## Supplied material
=== Section Start ===

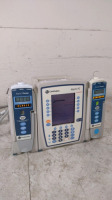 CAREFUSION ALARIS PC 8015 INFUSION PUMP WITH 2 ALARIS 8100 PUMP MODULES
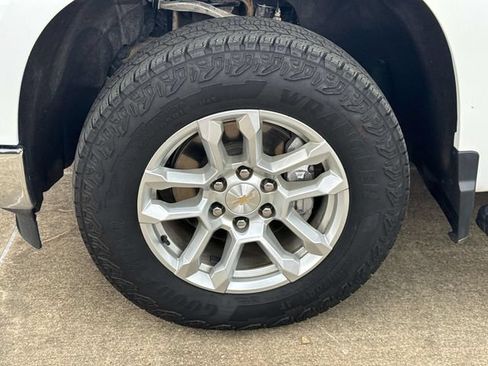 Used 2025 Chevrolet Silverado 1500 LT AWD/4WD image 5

=== Section End ===
=== Section Start ===

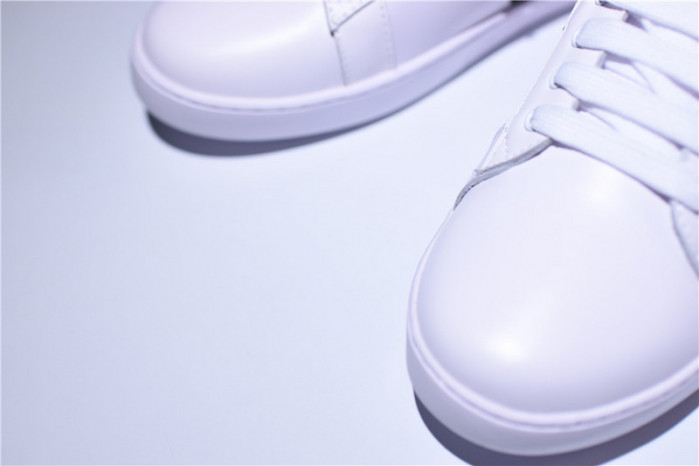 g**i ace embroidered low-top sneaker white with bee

=== Section End ===

## Your assignment
In the entries above, find the line with "CAREFUSION ALARIS PC" and the line with "Used 2025 Chevrolet". Return exactly those lines and all the ones between them, pictures excluded.

## Output of the exercise
 CAREFUSION ALARIS PC 8015 INFUSION PUMP WITH 2 ALARIS 8100 PUMP MODULES
 Used 2025 Chevrolet Silverado 1500 LT AWD/4WD image 5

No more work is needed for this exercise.